For 1st time, Routt County elections have contribution limits
STEAMBOAT SPRINGS — For the first time in state history, lawmakers have set limits on the contributions that people and groups can make to county elections.
House Bill 1007, which Gov. Jared Polis signed into law Friday, will impact future Routt County election contributions, which have previously been uncapped.
Supporters, including local commissioners, see it as a way to improve oversight on county elections and push the emphasis to the candidates themselves rather than the size of their coffers. Opponents view it as government overreach, which restricts a person’s voice in local democracies.
Under the new law, the maximum aggregate contributions a person may make to a candidate for county office is $1,250 for primary and general elections. Small donor committees may contribute up to $12,500, and political parties may donate a maximum of $22,125 for the election cycle.
The bill affects the offices of county commissioner, county clerk and recorder, sheriff, coroner, treasurer, assessor and surveyor. It should have the greatest impact on county commissioner elections, which tend to constitute the most expensive campaign budgets.
An analysis of the two most recent commissioner races, which resulted in the election of commissioners Tim Corrigan and Beth Melton, revealed several individual contributions totaling more than $1,250. Those would have been restricted under the new law.
Individual donations comprise the vast majority of funds in county elections.
Corrigan received $28,491 in contributions for his 2016 re-election campaign. Of that total, two contributions exceeded the new limit: $4,000 from his brother Michael Corrigan and $1,380 from county resident Rodger Steen. Corrigan’s money-raising efforts more than doubled his 2012 campaigns, in which he raised $13,860.
In the latest election, Corrigan said he felt pressured to keep pace with his opponent Bob Dapper, who received $51,255 in contributions.
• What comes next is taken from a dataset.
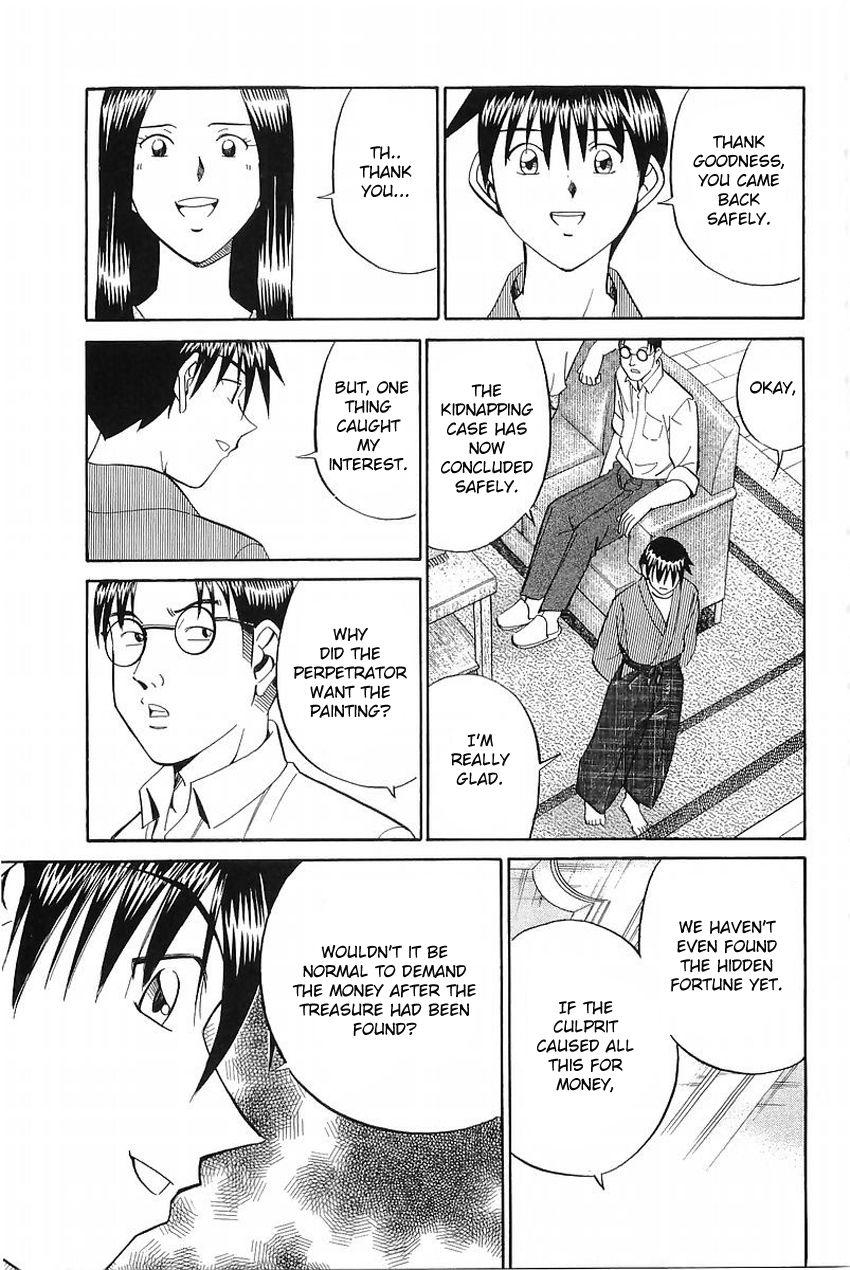 Q.E.D chapter 37.2 page 28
That total included a $4,000 donation from local business owner Patrick O’Winter, as well as a $1,500 check from county resident William Butler.
Such high-dollar contributions are becoming increasingly common in Corrigan’s eyes.
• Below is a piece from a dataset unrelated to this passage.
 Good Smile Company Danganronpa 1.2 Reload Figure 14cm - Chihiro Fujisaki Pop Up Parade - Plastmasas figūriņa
“It feels like these numbers are going up at an exponential rate,” he said,
In light of that trend and his last election, Corrigan supports the monetary limits set by the new law.
“I don’t think it should cost $50,000 to run an effective campaign in this county,” he said.
Instead, he believes candidates should invest more in grassroots efforts like knocking on people’s doors and attending public events.
“This is a small enough community,” he said. “We have the ability to go out and talk to our neighbors and get the word out that way.”
On the contrary, Geneva Taylor of Routt County Republicans sees the new law as an infringement on personal freedoms.
As a political party, Routt County Republicans donates about $1,000 to every Republican candidate hoping to fill county offices, according to Taylor. The law would not restrict those contributions.
Taylor also gives individual donations in county races, and she doesn’t approve of the government limiting her support.
“I wish they’d just quit taking our rights away from us,” she said of state lawmakers.
But past incidents have highlighted concerns among county residents about who contributes to campaigns and how much.
Commissioner Beth Melton came under fire during her race last year for allegedly accepting PAC money. Her opponent, incumbent Cari Hermacinski, claimed Melton’s online contributions made through ActBlue constituted donations from a political action committee.
Melton raised $31,143 for her campaign, outpacing Hermacinski’s $24,106 in contributions. None of the funds Melton received surpassed the new limits, while two individual donations to her Republican opponent exceeded the $1,250 ceiling.
An analysis from the Steamboat Pilot & Today determined Melton used ActBlue as a “conduit for small-dollar donations,” which are not considered PAC donations because they are made by individuals.
Nevertheless, the incident underscored the importance of keeping local elections fair and transparent, which the new law aims to do.
“I have been supportive of this from the beginning,” Melton said. “It just helps make sure that elections are focused on the people.”